Ah yes, the school boy error! ;-) Actually, there was a test, but in a different patch; I will move it to here.

This time with tests.

ostannard added inline comments.Jun 3 2019, 3:03 AM
llvm/lib/Support/ARMTargetParser.cpp
551

Could you also add tests for the error cases here? I think these are:

  • +fp.dp, but the FPU is already double-precision
  • +fp.dp, but no double-precision FPU exists (are there any FPUs which cause this?)
  • +[no]fp or +[no]fp.dp for a CPU/arch which doesn't have any FPUs.

I also don't see any tests for the negated forms of either feature.

Hi Oliver, thanks for your comments!

This was the easy one, they have been added:

I also don't see any tests for the negated forms of either feature.

The trouble begun with this:

+fp.dp, but the FPU is already double-precision
+fp.dp, but no double-precision FPU exists (are there any FPUs which cause this?)
+[no]fp or +[no]fp.dp for a CPU/arch which doesn't have any FPUs.

Because I found that basically none of this worked.

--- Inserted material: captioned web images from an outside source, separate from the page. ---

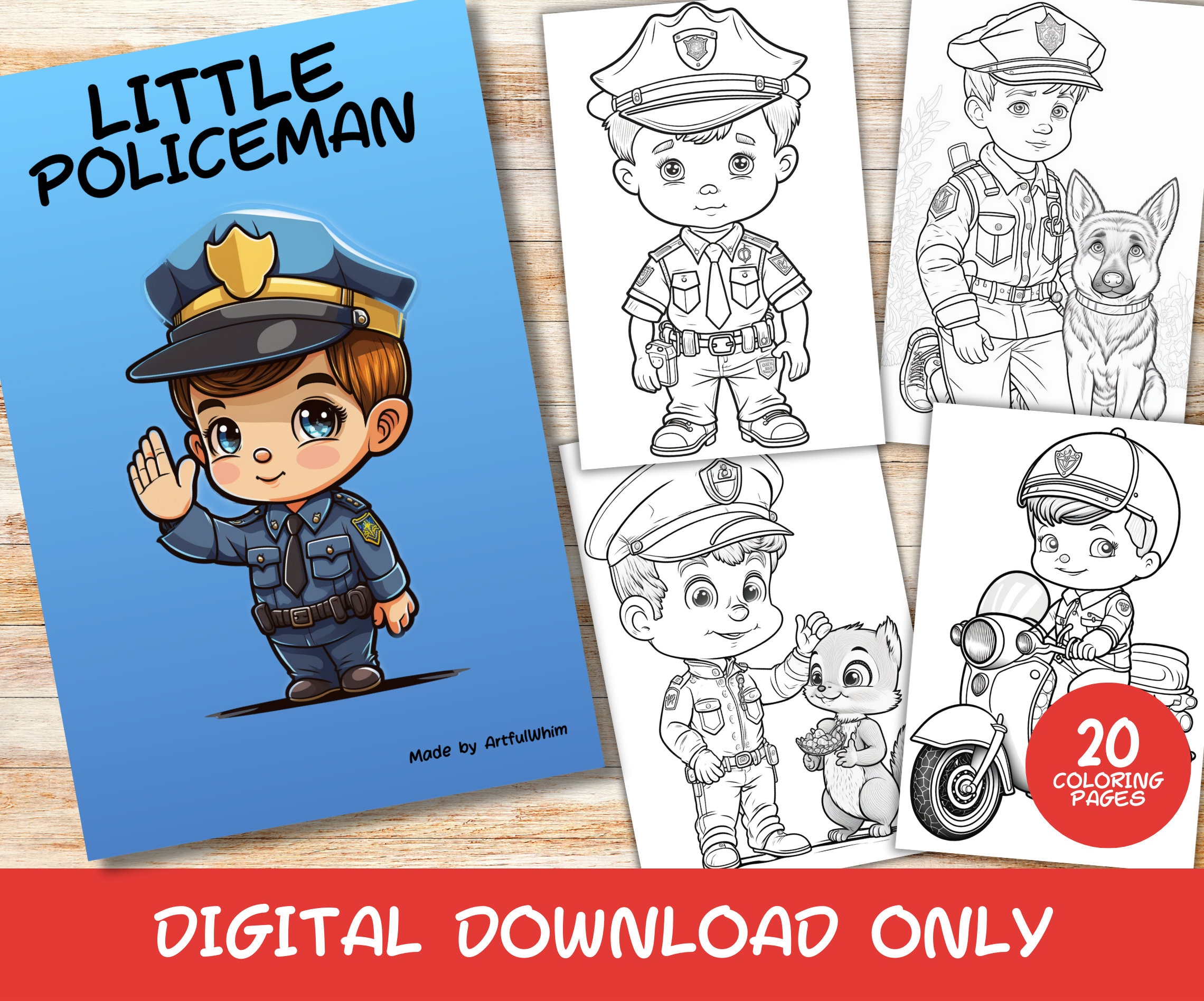 20 Little Policeman Coloring Pages Book, Kids, Instant Download Grayscale Coloring Page, Printable PDF, Policeman, Police, Children's
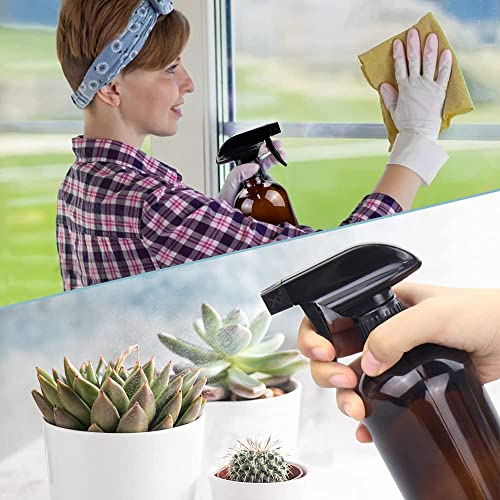 Glass Spray Bottle, Amber Glass Spray Bottle Set & Accessories for Non-toxic Window Cleaners Aromatherapy Facial Hydration Watering Flowers Hair Care (2 Pack/16 oz) (Amber)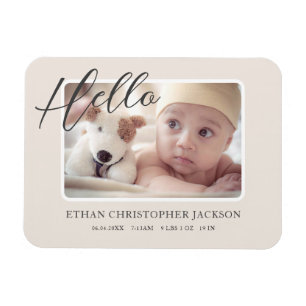 Magnet Flexible Script Baby Photo Faire-part de naissance moderne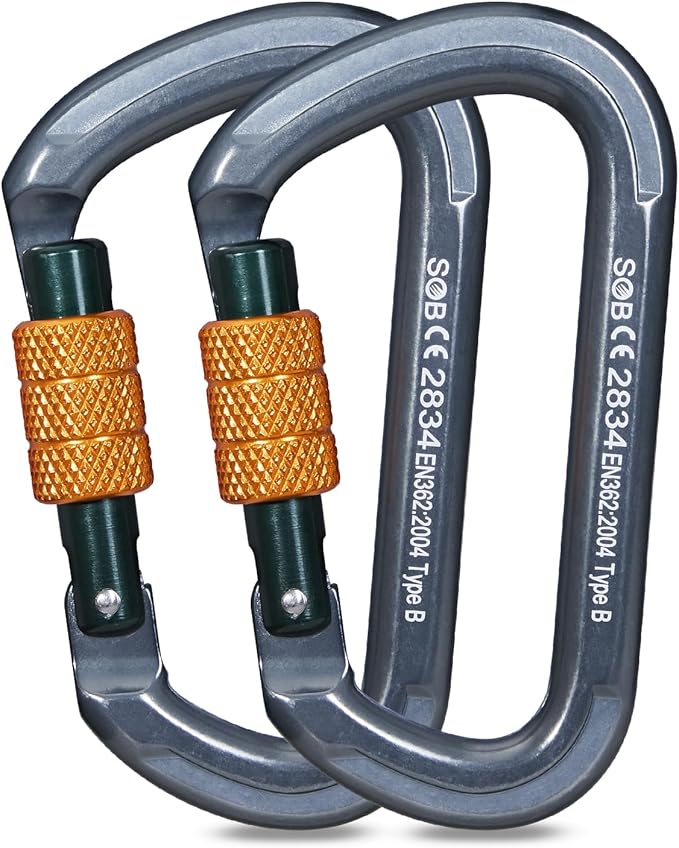 Auto Locking Rock Climbing Carabiner Clips, Heavy Duty Asymmetrical Carabiner Connector Used for Rappelling Rescue Outdoor Climbing, Mountaineer, Hammock, Camping-StrideForce Fitness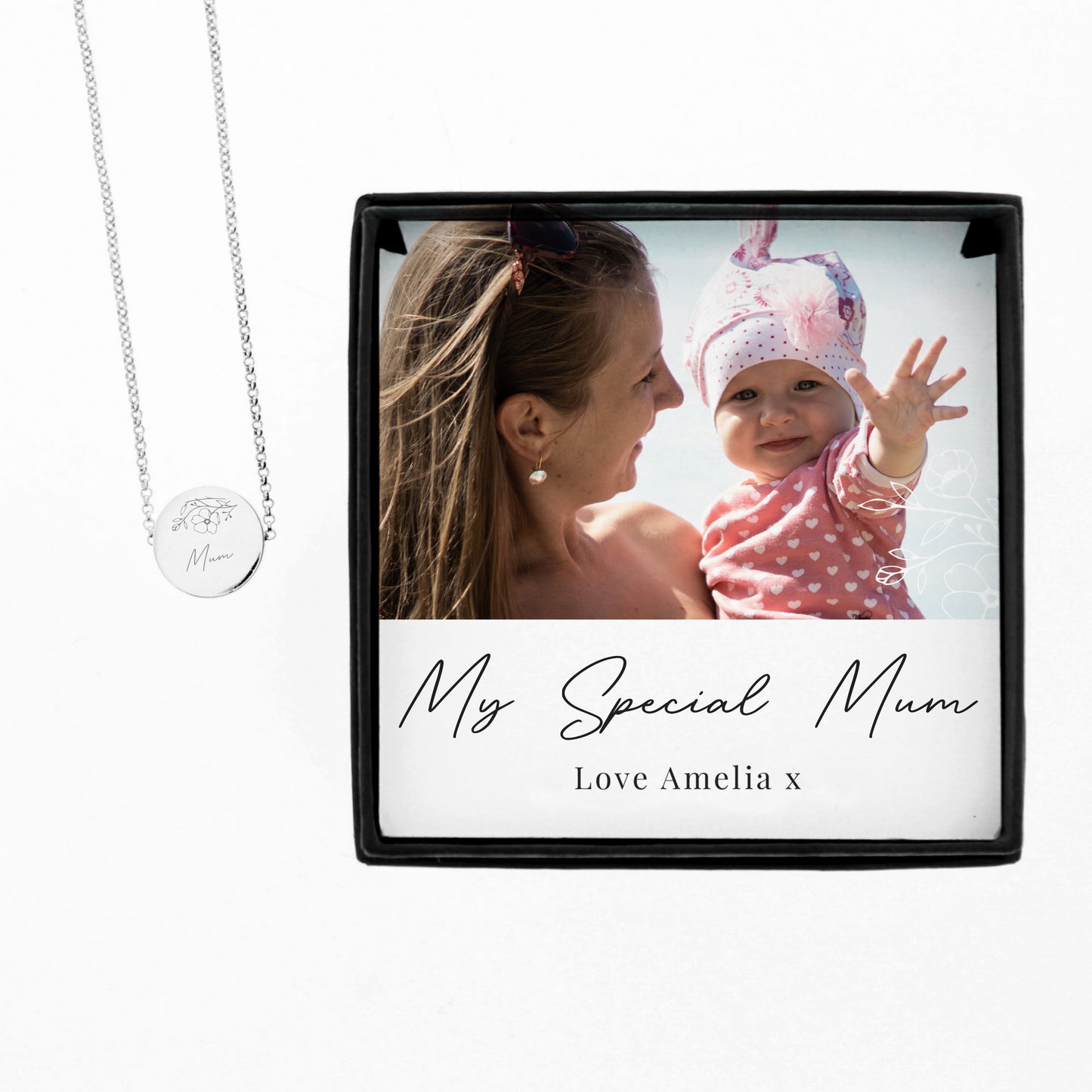 Engraved necklace and photo upload gift box set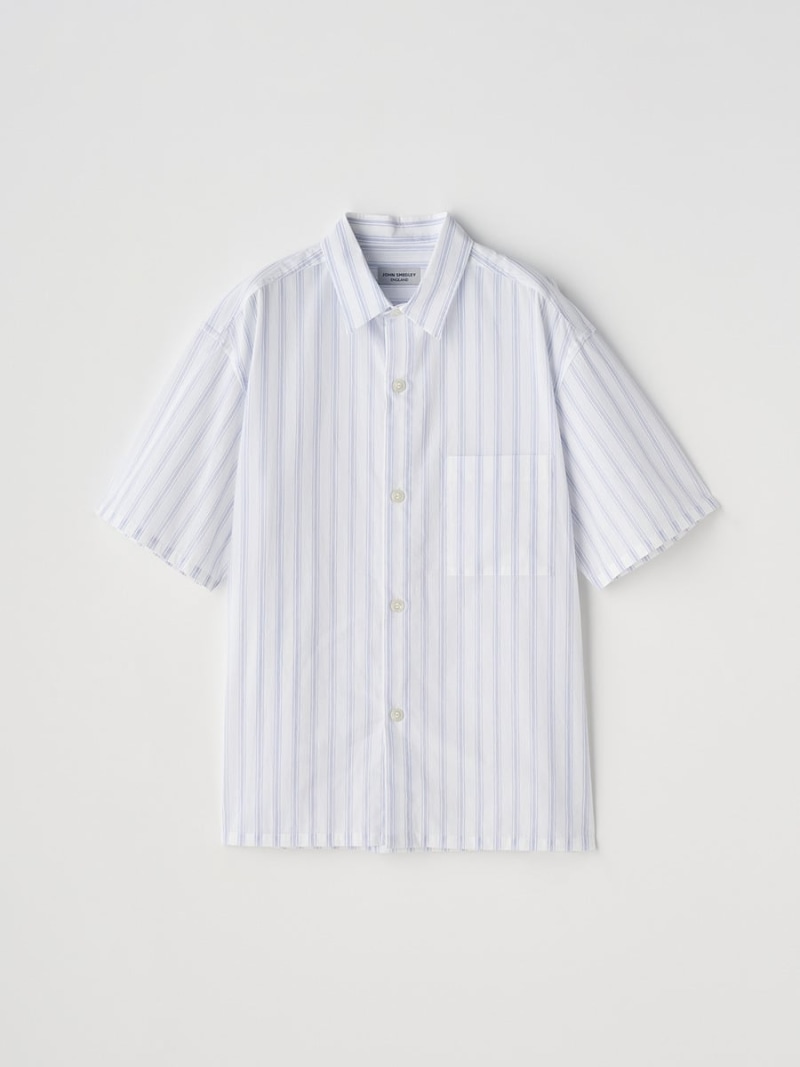 JOHN SMEDLEY コットン半袖シャツ |FB276 ジョンスメドレー トップス シャツ・ブラウス ブルー【送料無料】| Fashion Men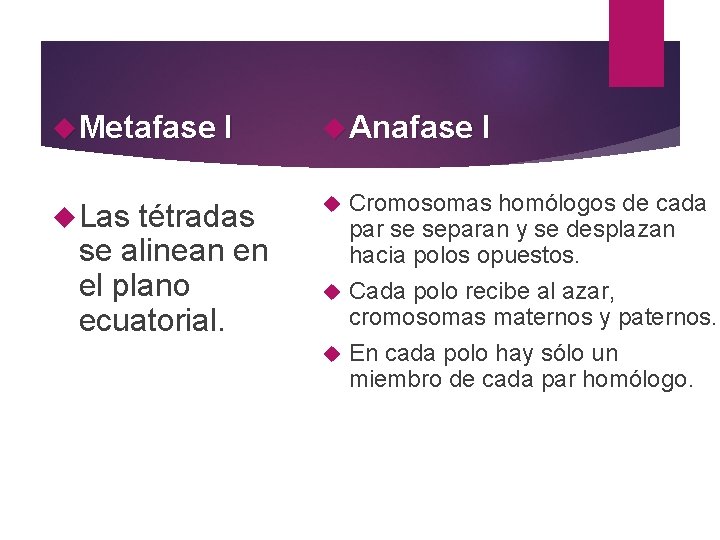  Metafase I Anafase I Las tétradas se alinean en el plano ecuatorial. Cromosomas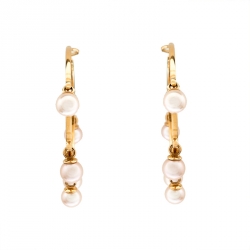 مملوكة مسبقًا Dior Cultured Pearl 18k Rose Gold Hoop Earrings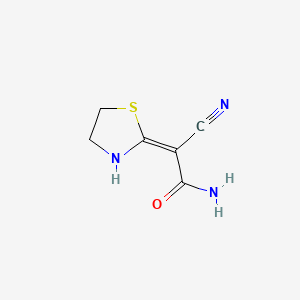 molecular formula C6H7N3OS B1175827 2-Cyano-2-(1,3-thiazolidin-2-ylidene)acetamide 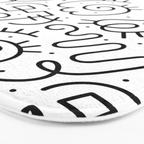 Fun black and white line doodle art pattern Bath Mat Gallery Image 3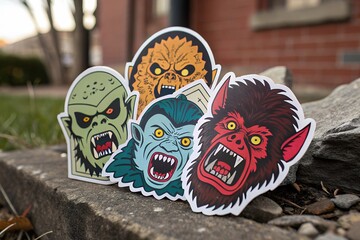 Four spooky monster stickers with fangs and scary faces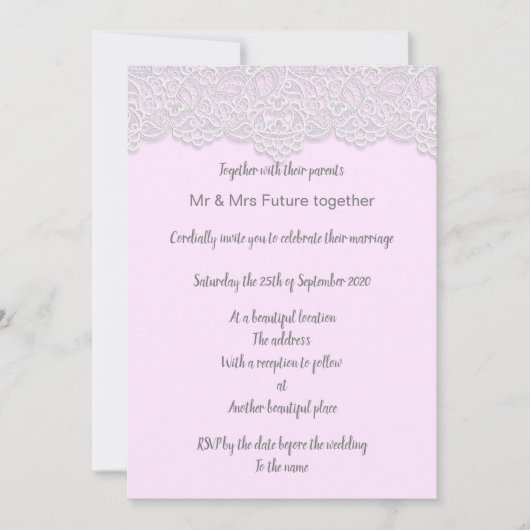 ヴィンテージレースかわいらしピンクのエレガントな結婚式 招待状 (正面)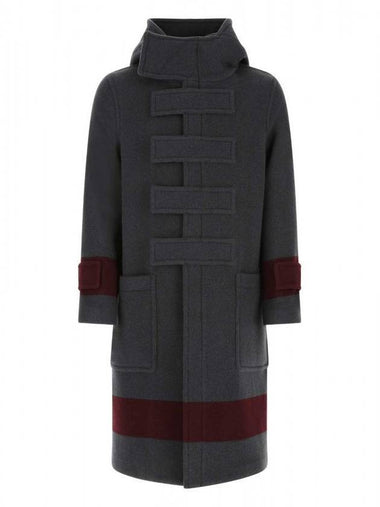 Striped Touch Strap Duffle Coat Dark Charcoal - BURBERRY - BALAAN 1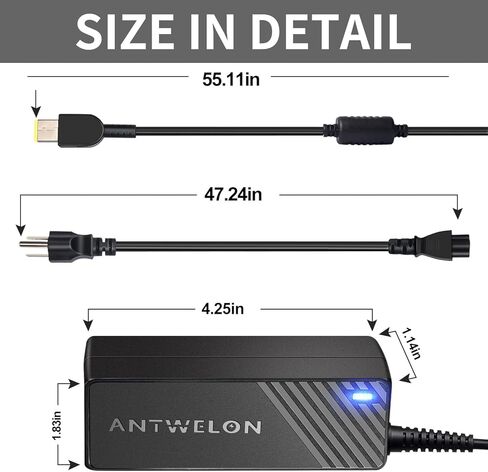 شاحن كمبيوتر محمول 65 وات لجهاز Lenovo Thinkpad T430 T440 T450 T460 T460S T470 T470S T540P T560 E450 E531 L440 L460 L470 X240 X250 X270 Ideapad G50 G70 Z40 Z50 20V 3.25A AC محول سلك إمداد الطاقة in Kuwait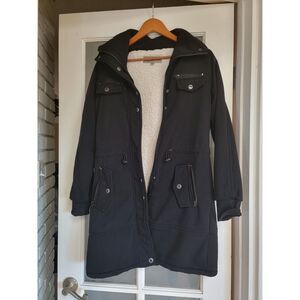 KC Collections Sherpa Lined Long Utility Winter Coat Black Small S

The main reason was that we were always passing generic. To address that we at least have a chance of seeing a sensible CPU name, I have swapped the order of parsing -march and -mcpu. I.e., we parse -mcpu first, and pass that to checkARMArchName, which will eventually call appendArchExtFeatures. I think that makes more sense when we use the CPUname to query getDefaultFPU.

Then about the more fancy diagnostics (e.g. "fp.dp, but the FPU is already double-precision"): I've removed any attempt to throw clever diagnostics. I don't think, in general, that we provide this kind of service level. I.e., we need to do a lot more work here to avoid a meaningless, confusing, and thus useless "--march=... not supported" error message when we provide +fp.dp on the -march when e.g. the CPU already enabled this.

ostannard accepted this revision.Jun 5 2019, 3:53 AM

Fair enough, I don't think we currently try to diagnose any other invalid combinations of features. LGTM.

This revision is now accepted and ready to land.Jun 5 2019, 3:53 AM
This revision was automatically updated to reflect the committed changes.